Of course, the Penguins’ #2 centre isn’t bad either: reigning Art Ross and Conn Smythe winner Evgeni Malkin. Barring injuries, the Penguins know that continued consistent work ethic, perseverance to improve and natural maturity – both physical and mental – from Crosby and Malkin will give the club a chance to venture far into the playoffs every spring.
But the difference between merely being a strong playoff contender and being a Stanley Cup favourite lies further down the depth chart. On offence, scoring from wingers flanking Crosby and Malkin as well as from third and fourth liners will be a key factor determining success or failure in defending the Cup this season. While some clubs boast two star centres like the Penguins, no other team possesses the talent at the centre position on the third line that Pittsburgh does in Jordan Staal.
Great things have been expected of Staal since the Penguins drafted him second overall in 2006. He finished second in rookie goal scoring and +/-, tops in rookie shorthanded time on ice per game and tops among all NHL players in shorthanded goals and shooting percentage. He was a nominee for the Calder Trophy that was won by his teammate, Malkin.
In his second season, some analysts and fans grumbled as they felt Staal was beset by the mythical sophomore jinx, slumping from twenty-nine to twelve goals. However, cursory ‘G-A-PTS’ statistics do not tell the whole story. Staal, who was so effective on the penalty kill in his rookie campaign, remained in that role, keeping his focus on defending against the opposition’s best attackers in both shorthanded and even-strength situations. While his scoring statistics were down, his overall ice time and special-teams ice time both saw significant increases as he became one of the team’s most reliable penalty killing forwards.

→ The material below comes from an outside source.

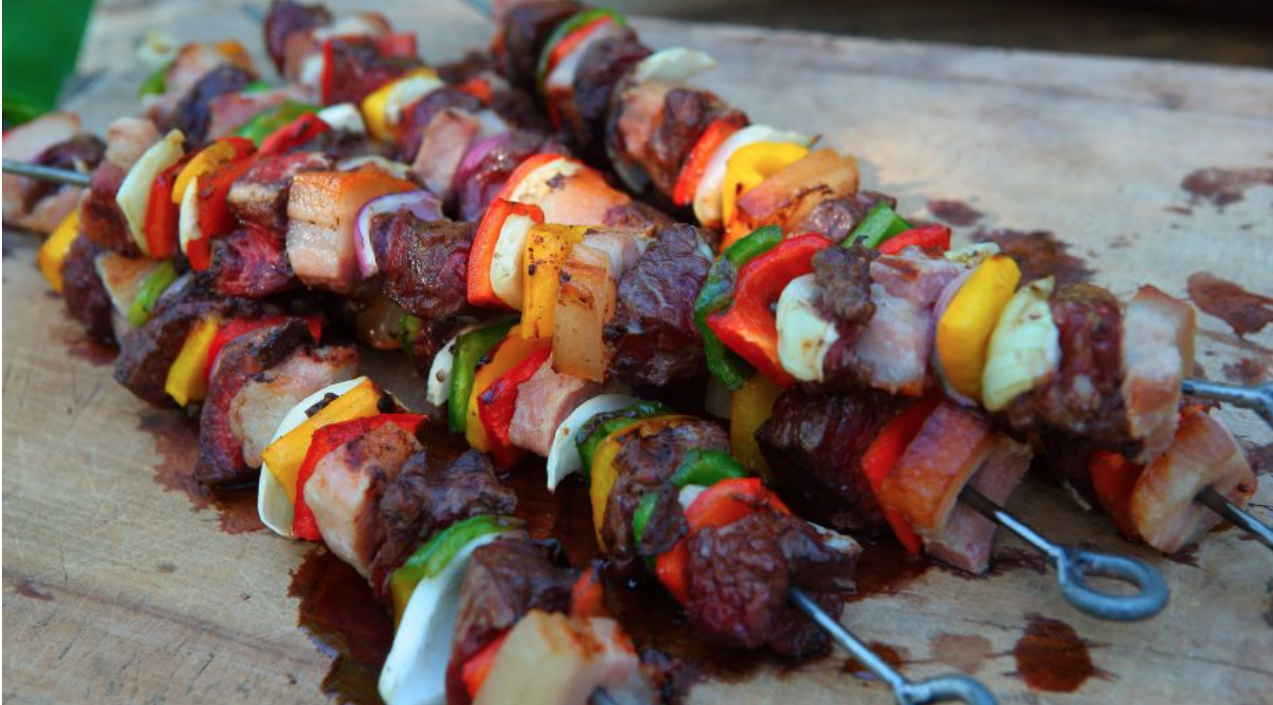 Brochetas de carne con verduras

Last season, Staal produced a fine all-around performance. He set a career high in points with forty-nine and again accepted an increase in total ice time and shorthanded ice time, consolidating his status as one of the NHL’s elite penalty killers. Staal and his teammates were able to improve the Penguins team standing from twenty-third in 2007-08 to eighth overall in 2008-09 in penalty-kill percentage. Additionally, Staal’s willingness to look for a scoring chance during shorthanded situations when prudent, instead of merely icing the puck, was never more apparent than in Game 4 of the Stanley Cup Final. His game-tying, shorthanded goal in the second period led to a 4-2 series-tying Pittsburgh victory and was considered to be a turning point in the series.
What can fans and the Penguins themselves expect from big #11 this season? Judging by the table (above) and early results this season, there is every reason to believe Staal will continue to embrace and conquer new challenges, providing reliable penalty-kill minutes and solid two-way play at centre while steadily improving his offensive skills.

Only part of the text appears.